A very interesting psychological trick, and it works in 95% of cases. Of course, there are very stubborn people with whom it is difficult to find an approach, but it still exists, you just need to be more inventive.

Call the person by name

In many of his books famous psychologist and writer Dale Carnegie notes that if you want a more loyal attitude towards yourself, then be sure to call the person by name. This psychological technique incredibly helps to influence a person.
For every person, his name is like a kind of spell, a wonderful combination of sounds, and a part of his whole life. Therefore, when someone pronounces it, he becomes one step closer, receives favor, trust and a loyal attitude towards himself.

The use of a person’s social status or titles in speech has a similar effect. If you want to make friends with someone, then call him a friend, speak calmly and measuredly. Over time, this person will also see you as a friend and begin to trust you. If you want to work for someone, then call him boss, thereby showing your recognition and willingness to follow his instructions. Words have incredible power, and correctly chosen and timely words can change any situation and any attitude towards you.

Flatter

It would seem that flattery is the most obvious psychological trick that can influence a person. But it's not that simple. If you are going to flatter, then do it sincerely, because they will immediately see the falsity, and such flattery will do more harm than good.
Scientists have proven that flattery works best with those who have high self-esteem and are confident in achieving their goals. If you flatter such people, you will only confirm their opinion of yourself and feed their growing ego.

And if you are going to flatter someone who has low self-esteem, then don't wait good result. Sometimes such actions can cause negative attitude, and vice versa, spoil the opinion of you. Therefore, be careful if you are going to tell someone how good he is.

Reflect

This method is better known as mimicry. Many of you subconscious level they use it without even suspecting that in this way they gain the trust of the interlocutor. You copy behavior, gestures, manner of speaking and explaining yourself. But if you use this technique consciously, it will be many times more effective.

Like attracts like, and people really like to communicate with those who are similar to them and share their opinions and vision of the world. Therefore, if you use mimicry, you will very quickly gain the favor and trust of your interlocutor. Very interesting fact, even some time after the conversation, the person whose actions were reflected is more loyal to all other interlocutors who had nothing to do with the conversation.

Take advantage of weaknesses

Under the influence of alcohol or fatigue protective barriers our brains are weakening. It is in such a situation that a person is most susceptible to influence. If you need to ask for something or get approval for certain actions, then a tired person, in most cases, will give the go-ahead, as long as you don’t touch him or ask a lot of questions. The answer, most likely, will be something like: “Yes, we’ll definitely do it tomorrow. Remind me in the morning.” But in the morning you will achieve what you want, because you already received preliminary consent yesterday.

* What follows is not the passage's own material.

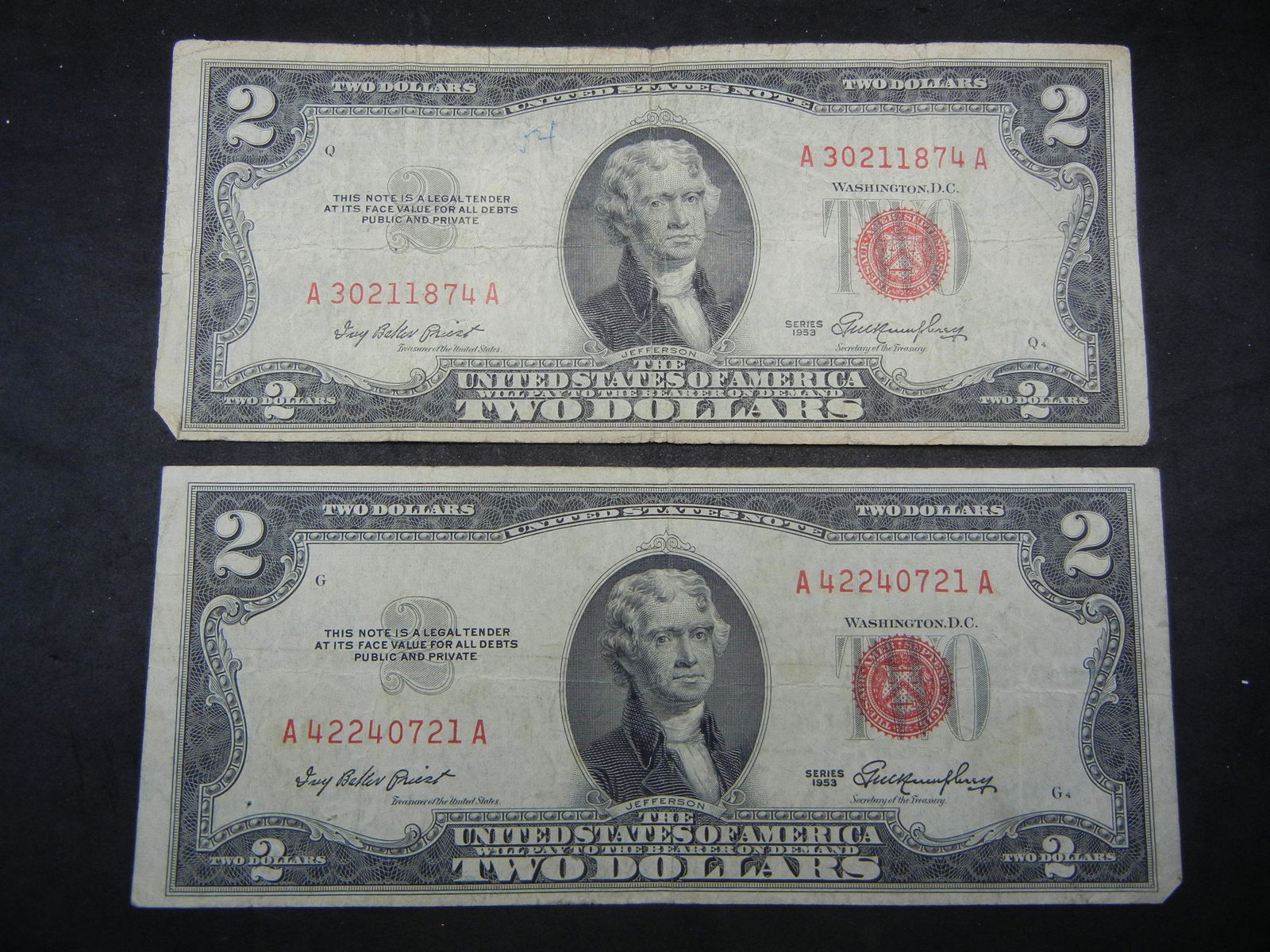 (2) 1953 Two Dollar Red Seal (1 of 5)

Offer something that is hard to refuse

This technique is the opposite of the one we discussed in the second paragraph. If there you start with a big request, get a refusal and move on to the main one, then here it’s the other way around. You need to ask for a small favor, one that will be hard to refuse. Then move on to more requests. Over time, the person will begin to trust you, and you will be able to ask for what you wanted to get in the first place.
Scientists conducted one experiment. In supermarkets they asked people to sign a petition to protect forests and protect environment. Quite a simple request, right? Most completed it without any problems. Next, they asked to buy some kind of trinket, and emphasized that all the money raised would go specifically to protecting forests. Of course, many complied with this request.
Recently I myself fell for such manipulation, but knowing about this method, I was able to resist. A nice girl stopped me on the street and asked me to answer a few questions:

1. How do you feel about poetry?
2. Do you think the state supports young writers enough?
3. Are you a fairly generous person?
4. Buy a book for 200 rubles, and all the proceeds will go to the development of the club of young and promising people.

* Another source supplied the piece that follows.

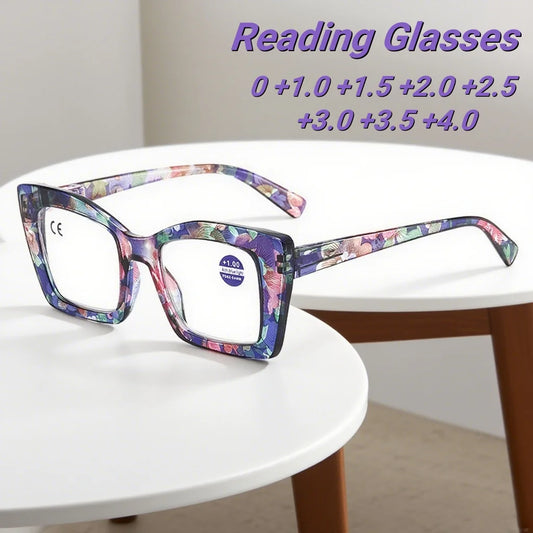2025 New Fashionable Large Frame Women's Presbyopia Glasses High Definition Texture Neutral Color Anti Blue Light Glasses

Look how clearly and beautifully everything is done. Easy questions that can be answered in 1 word or short phrase, all logically connected and correctly structured. Of course, I refused to buy the book, because I understand that this is manipulation and a way to sell me something that is completely unnecessary. But many people, having answered that they are generous people, cannot then refuse and not buy a book that they will not read.

Know how to listen

If you want to win over your interlocutor, you need to be able to not only speak beautifully and clearly, but also listen carefully. When you hear an idea in a conversation with which you fundamentally disagree, you should not immediately express your thought. This way you will provoke a small conflict, and a piece of doubt will ignite inside. If you still decide to express your opinion, then first try to express agreement with part of what was said, and only then continue.

Repeat after your interlocutor

Very, very thin and effective way. It is in my favor, and its skillful use promises you success in any negotiations. If your goal is to achieve understanding, trust and favor with your interlocutor, then show that you understand him, paraphrase what was said and agree with the voiced thought.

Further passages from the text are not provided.